Sulla sponda spagnola il clima è molto più rilassato, un funzionario doganale con fare ironico mi chiede se lo zaino è tutto pieno di droga.

Ci sistemiamo all’ hostal, sembra di essere in europa, ci sono gli euro che me li ricordavo più grandi, le donne coi capelli al vento e il prosciutto, è un altro mondo. La città autonoma di Melilla è un truman show circondato da reti elettrificate e filo spinato, abitato da militari e funzionari spagnoli che ostentano un diffuso benessere che si rispecchia nei tanti figli di papà in giro per le vie del centro sopra a gipponi metallizzati, con la radio a palla e inforcando occhiali da sole grandi come maschere subacquee.

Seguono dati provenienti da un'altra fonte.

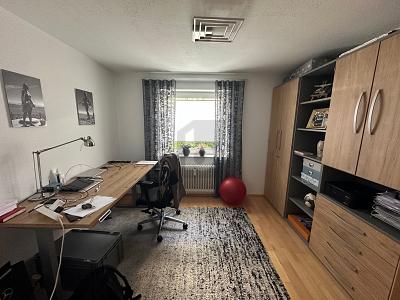 IHR NEUES FAMILIENGLÜCK IN IDEALER LAGE - Etagenwohnung Pforzheim Nordstadt | Angebot:26786302
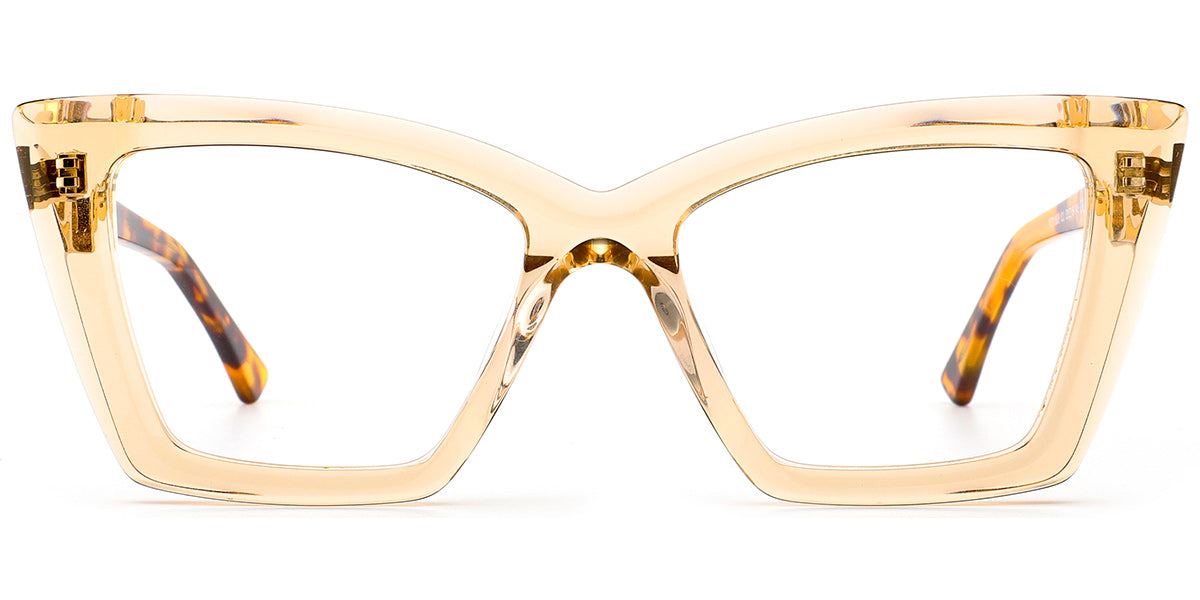 Lyon Westend Eyewear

Superi le barriere e cambi continente, al posto del classico marocchino secco, sdentato e mediamente cencioso, ti ritrovi il melillano grasso, vestito alla moda e puzzicoso d’alcool. Telefoniamo per ringraziare i diplomatici che ci hanno aiutato e poi andiamo a scoprire l’enclave spagnola che rispetto ai centri urbani marocchini sembra deserta. La città è piena di locali e negozi  che ostentano il vino e i superalcolici come grande simbolo di libertà, ma c’è anche una gelateria artigianale spettacolare che fa tre tipi di cioccolato con un fondente così bono che quando lo lecchi chiudi l’occhi e ridi.

Sicuramente per un marocchino Melilla è una visione distorta dell’europa.